Indirect Bias support in IBM Watson OpenScale

Manish Bhide
Trusted AI
Published in
4 min readDec 3, 2020

Fixing Bias is very easy — all I need to do is make sure that the model does not make use of features such as Gender, Ethnicity, etc. If the model is not aware of Gender, Ethnicity, etc., then it cannot be biased on these attributes.

At first glance the above argument looks reasonable — however, nothing could be farther from truth. Unfortunately a lot of enterprises have learnt this the hard way. If you look at any of the recent issues related to bias in AI models, you will find that most of the models did not have ethnicity or gender as a feature but still they ended up exhibiting bias! This is because there could be other features used by the model which have a correlation with these attributes. E.g., Zip code and Income can have a strong correlation with Ethnicity.
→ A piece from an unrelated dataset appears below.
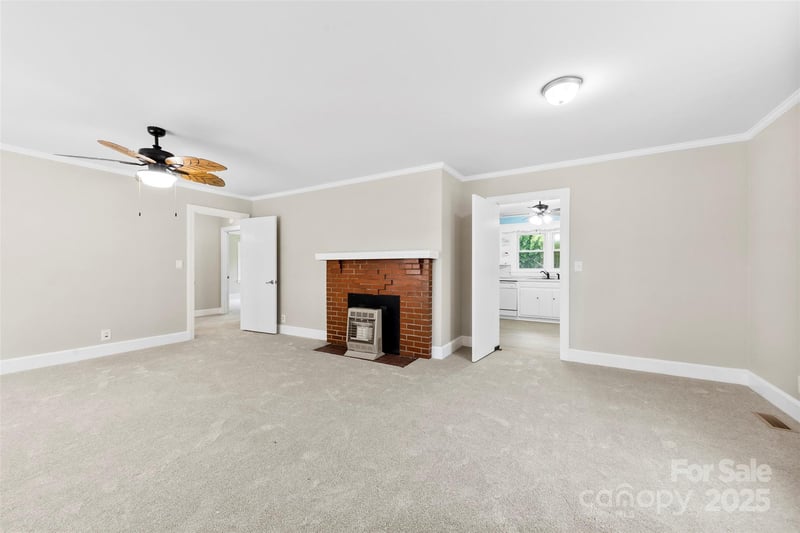 2300 Linwood Rd, Gastonia, NC 28052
This might sound obvious, but correlation can creep up in unexpected and interesting ways some of which are hard to detect. One such example is that of the feature “Has_car” which signifies whether the person has a car or not. This is correlated to Ethnicity.

Indirect Bias Problem

The standard fairness metrics assume that the fairness attributes such as Ethnicity, Gender, Age, etc., is used as one of the features of the model. However, many enterprises have an internal rule that mandates that such attributes should not be used as features of a model. This brings in an interesting problem — how will we measure fairness if the fairness attribute is not one of the features of the model? Detecting bias on attributes which are not used as features of the model is called as Indirect Bias. In this blog post we provide an outline of how we support Indirect Bias detection capability in OpenScale. Detection of Indirect bias is a two-step process:

- Correlation Identification

- Indirect Bias detection

Correlation Identification: In the first step the user needs to provide OpenScale the training data used to build the model. This data needs to be augmented with the fairness attribute value as well. E.g., Consider a scenario where a user is building a credit risk model to predict if a loan application is risky or not. When building the model, the data scientist makes use of training data which does not include the Gender of the person. In order for OpenScale to detect Indirect Bias, what the data scientist needs to do is to find the Gender for each record in the training data and add that as an additional column to the training data. This augmented data needs to be provided to OpenScale. Please note that the model will still be built without using the Gender — it’s just that OpenScale needs information about the Gender for each record in the training data. Once this information is made available to OpenScale, it automatically finds correlation between the Gender and one or more features of the model.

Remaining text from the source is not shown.